My friends and I are enormous Mets fans. We follow the team 12 months a year, hang on every pitch, and look forward to every game. Our moods rise when the Mets win, drop when they lose, and go into the toilet when they drop a game in agonizing fashion. Our girlfriends can't understand why we care so much about the Mets, nor do we expect them to. We were born to root for this team, and take great pride in doing so. We DO care this much, and that's all that matters. No matter how bad the team gets, no matter how terrible the losses get, no matter how down the rest of the fanbase gets, we will always be there.

That's not to say that the losing doesn't have a huge impact on us. It affects us tremendously. We get pissed off, we storm around the ballpark by ourselves cursing and shaking our heads.

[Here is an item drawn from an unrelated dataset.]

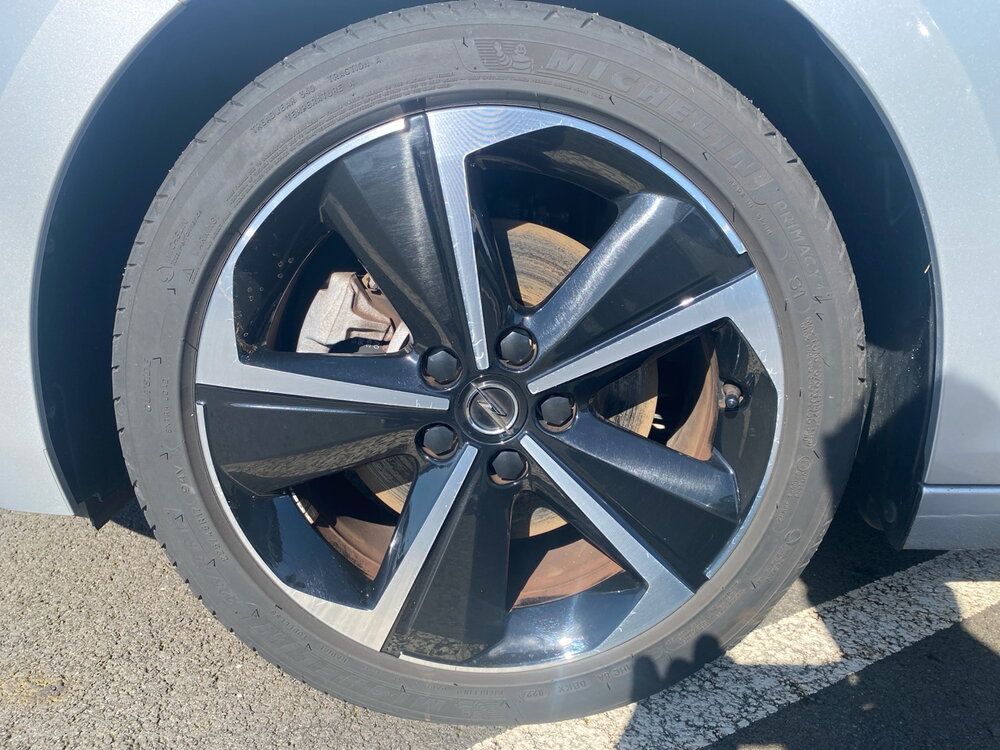 Occasion OPEL Astra Astra 1.5 Diesel 130 ch BVA8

When we're watching the games at home, we call eachother in disgust and throw our possessions at the walls when bad things happen to our team. Through all of it, the Mets remain our team.

We refuse to buy the negativity being spewed by the local and national media about the Mets. We aren't offended that our beautiful new ballpark has a rotunda that's dedicated to the man who broke baseball's color barrier. We aren't mad that the Mets haven't already signed Matt Holliday, unlike the delusional and impatient fans who are already thirsty for blood. We're aware that the offseason will play out slowly, and we hope that the Mets end up with the players they need.

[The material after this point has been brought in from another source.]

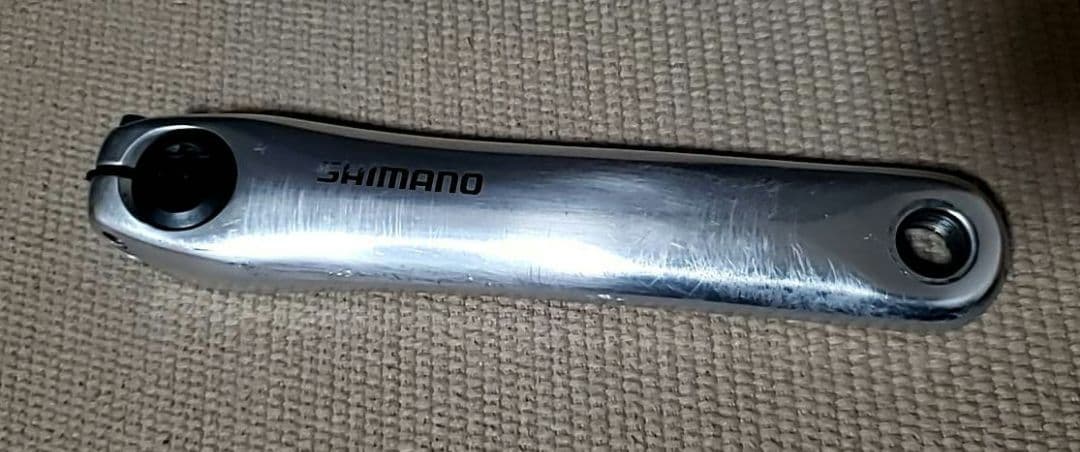 SHIMANO（シマノ） クランク FC-R700 165mm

Mets fans are different than Yankee fans. We're conditioned to not give up easily. We aren't spoiled brats who expect our team to win the World Series every year. We refuse to whimper in the corner because the Mets had one brutal injury ravaged season after having four seasons where the team averaged nearly 90 wins.

We will keep our ticket plan. And like the days I spent at the ballpark with my father from 2001-2006, the three of us will go to the ballpark together to cheer for the Mets. We'll sometimes get there early to tailgate a little, head to shake shack for a burger, and then settle into our seats. Every time we attend a game, we'll have our momentary escape from our jobs and our love lives and any nonsense that may be going on at the moment.

We'll enjoy the day or night, enjoy eachothers company, and hope the Mets win. We'll do those things because that is what being at a baseball game is all about. It's not a place to bicker over nonsense (like the rotunda or the media's controversy du jour), it's about enjoying the ballgame. If there are 2 strikes on a batter and Johan is in his delivery, we'll stand up and cheer (the fairweathers behind us can complain all they want). If one of the Mets drives in a run, we'll stand in unison and slap hands and beat the hell out of eachother in celebration. Unlike tons of other Mets fans who have been canceling their tickets in droves, we will be there. And come April, we'll be filled with optimism just like we are every season. That optimism will likely turn to sadness and disappointment sometime between April and late October. But if it doesn't, oh what a season it will be.